Antonelli is now the clear favourite at -227.27 after taking pole, which is exactly what you would expect at Monaco. Verstappen is next at +240 from P2, while Hamilton is still a live threat from third at +575.
Leclerc is out to +1200, and Russell has drifted to +3300, showing just how punishing a compromised qualifying result can be on this circuit. The McLaren pair are much bigger prices, with Norris and Piastri both needing a chaotic race to get properly involved from where they sit in the market.
More odds available at BetOnline
Antonelli has done the hardest part by taking pole, but the price is now short enough that the better betting value sits around him rather than on him. Monaco can be controlled from the front, yet the run to Sainte Devote, pit timing, traffic and safety cars all give Verstappen and Hamilton enough of a window to make things uncomfortable.
The other angle is Russell’s race from outside the main fight. Monaco is a frustrating place to be stuck in traffic, and when drivers are forced into risky moves or alternative strategies, the DNF market becomes much more interesting than it would be at a normal circuit.
Russell to record a DNF at +750 is the chaos play. He has the pace to be higher up the order, but Monaco is not a track where drivers can simply recover by overtaking. If he gets caught behind slower cars, Mercedes may need to take a risk with strategy, and Russell may need to push harder than ideal between the walls.
That is where this price becomes appealing. Monaco punishes impatience, and even a small touch can break suspension, damage a wing, or end a race on the spot. At +750, Russell’s DNF price looks worth a small play in a race where one mistake can undo the entire weekend.
Verstappen to win at +240 is the main value against the pole-sitter. Starting P2 at Monaco is never ideal, but it is close enough to apply pressure immediately, and Verstappen is exactly the kind of driver who can force the leader to be perfect from lap one.
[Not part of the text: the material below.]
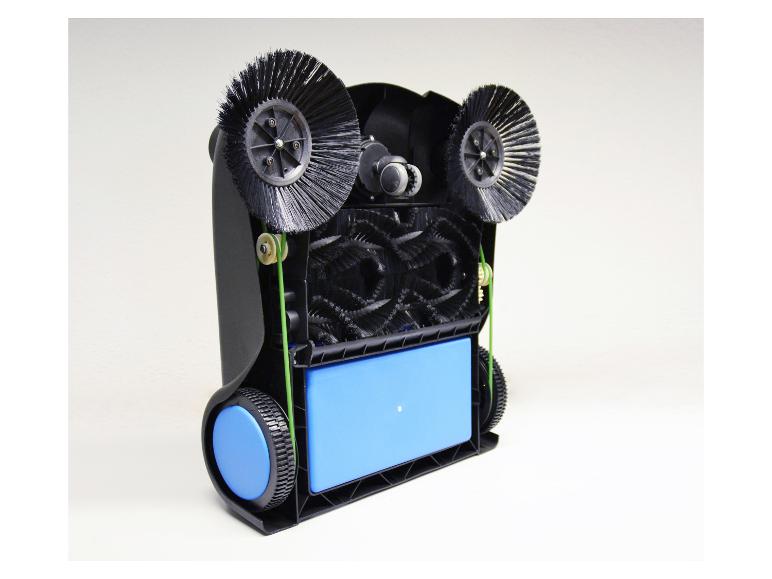 Binnenkant van een reinigingsmachine met borstels.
The start will be massive. If Verstappen gets alongside Antonelli into Turn 1 or keeps him under pressure early, Red Bull can start asking strategy questions. Monaco races can look locked up until one safety car, slow stop or traffic call changes everything, and Verstappen is the driver most likely to punish Antonelli if the Mercedes rookie gives him even half a chance.
Hamilton to win at +575 is the bigger-price front-running play. Starting third keeps him close enough to the action, and Ferrari should have enough pace to stay involved if the top two spend the first stint looking at each other rather than managing the race.
Hamilton does not need a wild race to have a chance, but he does need one thing to fall his way. That could be a better launch, a well-timed safety car, a pit-lane swing, or Antonelli and Verstappen getting locked into their own battle. Around Monaco, track position can flip quickly through strategy, and Hamilton has the experience to cash in if Ferrari gets the call right.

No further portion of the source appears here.